Snapshot Is Not A Dirty Word

   When most people hear or use the word "snapshot" they relate it to the amature. The word itselfs projects a visual impression of a photograph taken quickly, haphazardly without discipline or a meaning behind it. Sounds kind of familiar doesn't it? That's right, the same definition could be given to street photography but "snapshot" just doesn't sound as cool or pretentious. The Japanese have no issues saying they take snapshots, and I'm talking about photographers like Daido Moriyama among others. In the Western world calling someone's photos a snapshot is considered and used most frequently as an insult, as something amature, less important, something shitty. With the massive ego of most photographers who occupy the street photography genre it's as insulting as one could get towards another photographer. For the life of me I have no idea who the hell would want to be labeled a "street photographer" today. All the good intentions of the descriptive term are long gone. At first it turned into an elitist activity where the snobby film people would look down on the low life digital camera user, use a non-prime lens was blasphemy, or you had to subscribe to some rhetorical nonsense as the "Decisive Moment". These cliquish and self proclaimed purists had minds as narrow as their perspective and in any visual art this type of thinking is very destructive. Things were about to change but not for the better.

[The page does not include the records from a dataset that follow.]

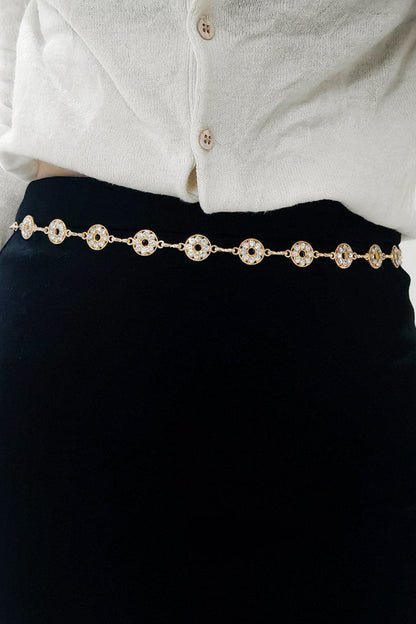 Rhinestone Decor Zinc Alloy Belt.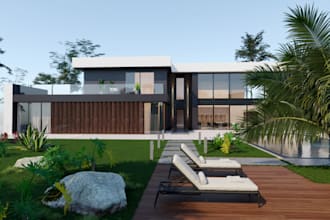 remodel 3d private villa, mountain house, open concept exterior,basket ball hall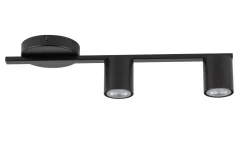 Deckenleuchte GU10 Schwarz Metall 46 cm lang 2-flammig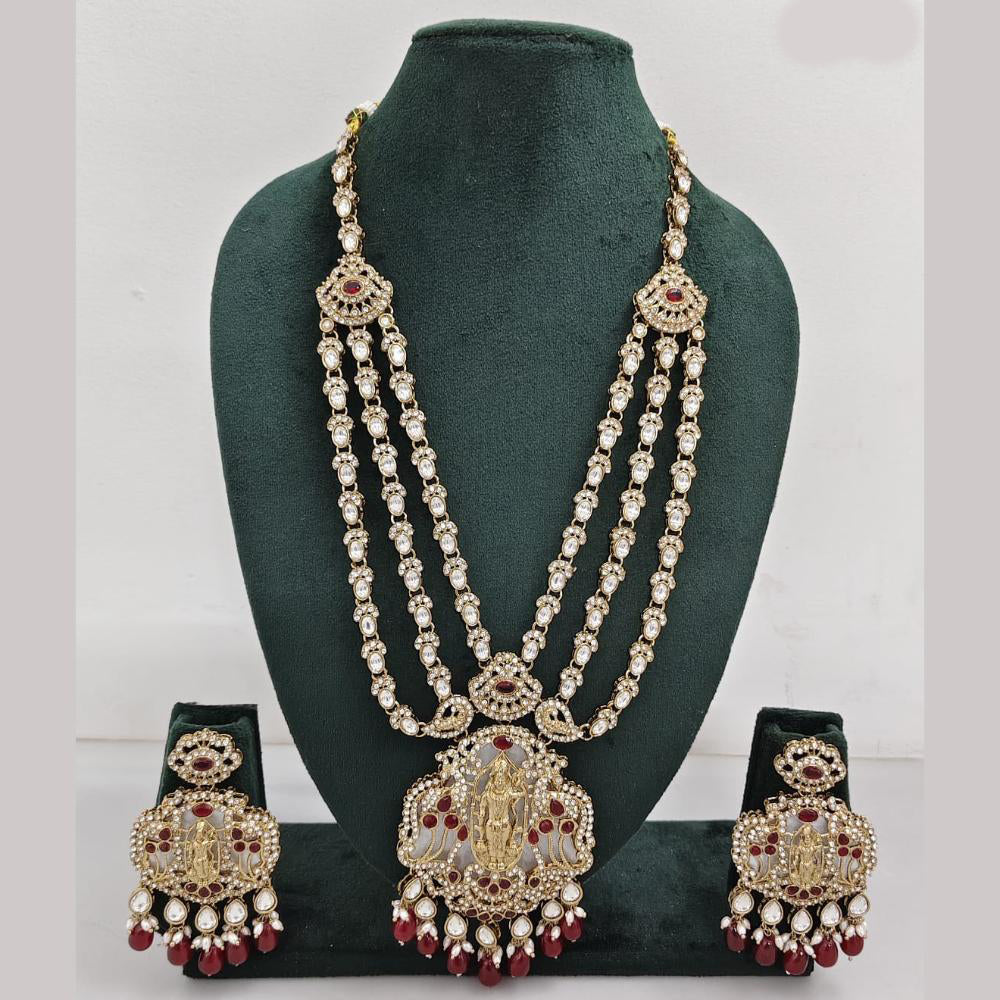 Rajwadi Collection Ethnic Elegance Austrian And Pota Stone Temple Necklace Set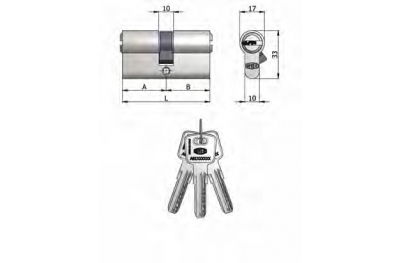 Art.2120 / 04 H Omec; Double cylindre en laiton en forme de nickel (6 broches)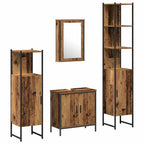 Badezimmermöbel-Set mit Regal mit Tür 4 pcs Braun Holzwerkstoff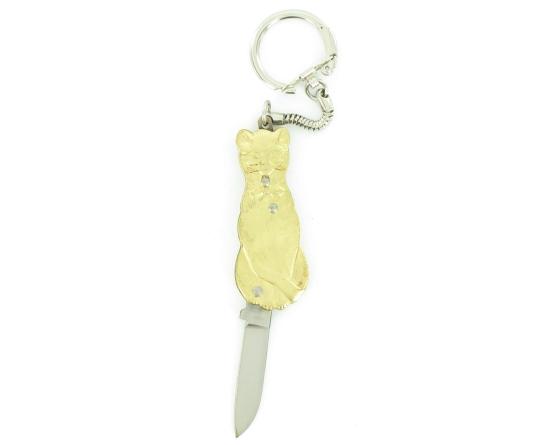 Porte-Clef - CHAT - 1 Pièce Couteau de poche par Coursolle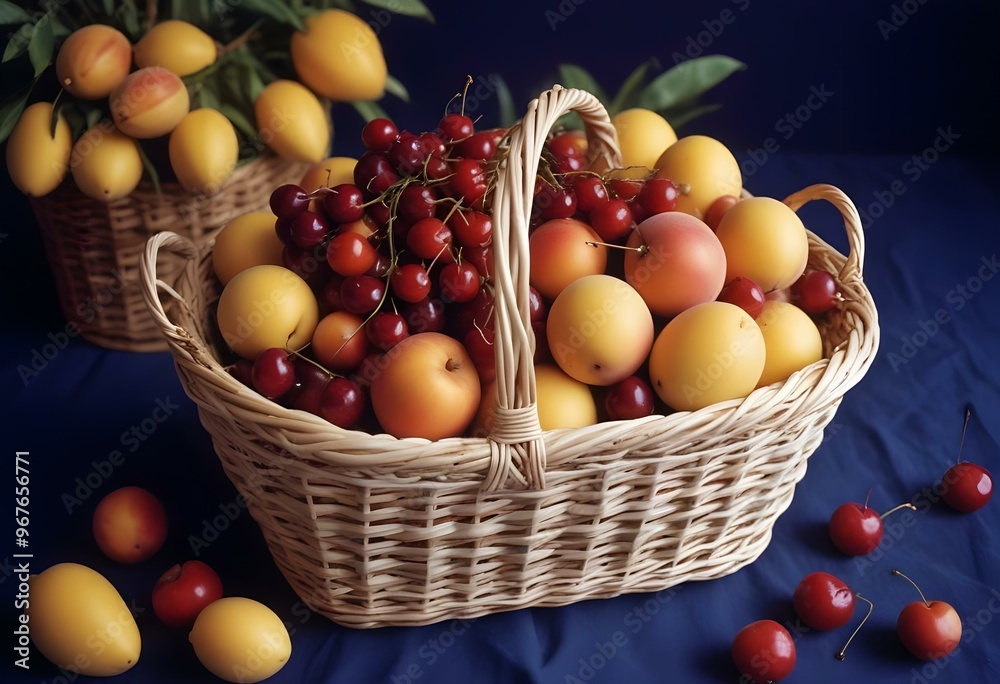 Freshness and variety of healthy fruits on wooden table generated by artificial intelligence Freshness and variety of healthy fruits on wooden table generated by artificial intelligence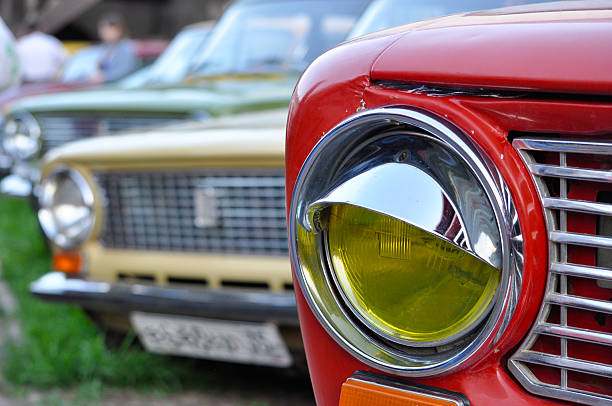 istock Headlight of the old car 493763769
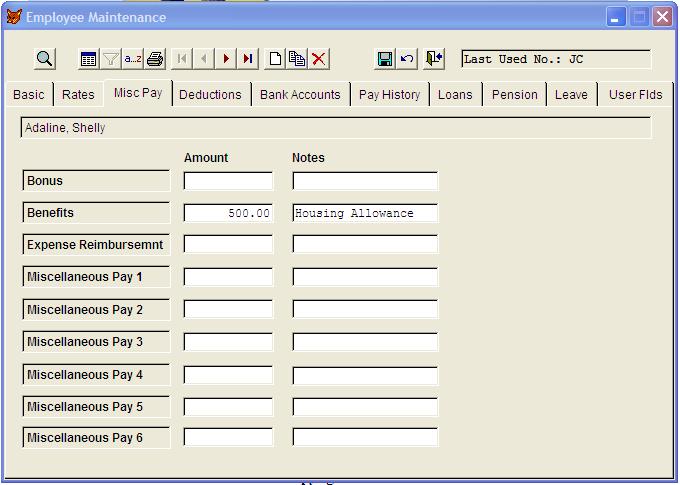 Miscellaneous Pay: up to 9 miscellaneous pay fields with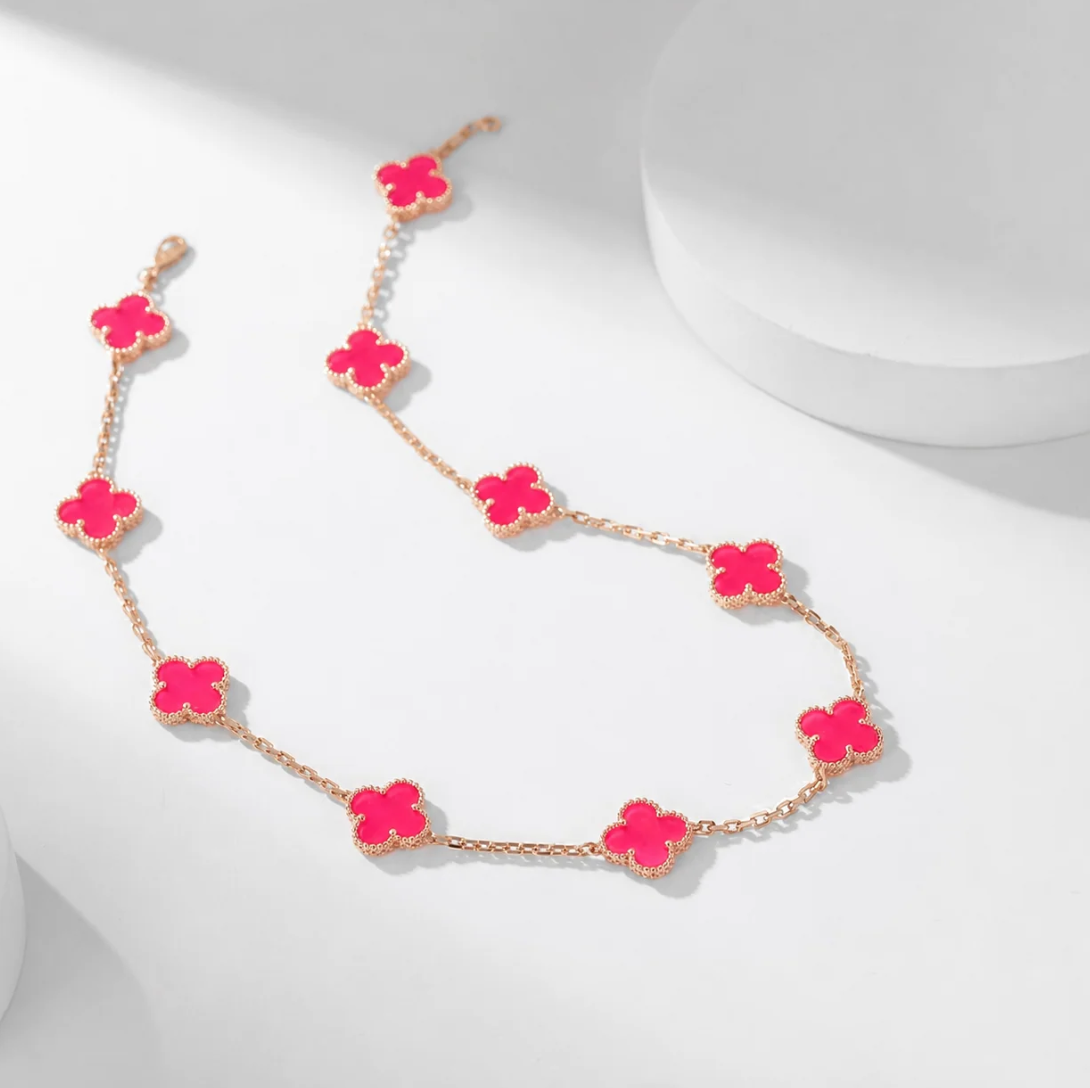 [⭐Corinne]CLOVER 10 MOTIFS  NEW BUBBLE PINK ENAMEL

   About ten years after the turn of the 21st century when just about everyone owned a camera or a phone that had a camera the world of "street photography" changed again. Facebook, Instagram and Twitter were rocketing up in popularity and people wanted to be "Internet Famous", today it's called "Influencer". Something worse that the elitists happened, street photography became trendy, I mean TRENDY! Walk around any major thoroughfare in Manhattan and you would have to fight your way through hordes of new street photographers who were mostly in their 20s, all working the same corners trying to live out their Garry Winogrand fantasy. They changed gear every couple of months, usually to whatever their hero of the moment was using. They used the term "street photographer" as a badge of honor, a brand, a marketing term, a way to make that type of photography seem more involved that it really is. The trend began to wear thin when the began to figure out that they couldn't survive as a "street photographer". These fauxtographers weren't willing to make the very real sacrifices that artists have to make. The fantasy began to crumble when real life crept in. They were blinded by an overly P.C. ethics while trying to capture their so called version of real life and when in doubt make sure there's a big poster behind the scene to make it comical. Individual aesthetics didn't exist and it didn't need to because their own branded story was more important than what they were capturing. When the panic of failure appeared they began to take photos that they though the masses would like instead of taking photos for themselves. They became offended when they didn't receive massive social media likes and followers, many tried to buy them. In the end their vision was narrow and a lie.
   The damage done by all this has rippled through the art world with galleries and museums reluctant to exhibit anything new. They are as confused as the rest of us who are looking at this with eyes wide open. Collectors have either stopped or greatly reduced their activity waiting for this quagmire to end. Non self-publishing of books has sloooowed with some resorting to only those with huge social media numbers with hopes their mostly fake followers will buy a copy. The genre has been decimated by a generation that sees no reason to own a print or book if they can look at it for free on a 5" phone screen. I seriously question the great importance of photography being restored in this century and all of this has me to the point where I want to strip the words "street photography" from everything related to me. For now on I have no problem being called, or considered a "snapshot photographer". My vision and photography has never been so narrow to have rules on what is or isn't street photography. The latest gear doesn't interest me in the least. I give as much attention to a garbage can as I do those walking down the street. To disregard anything on the street paints a very disingenuous picture of life today which is the very purpose it. Hello, my name is Michael Penn and I take snapshots.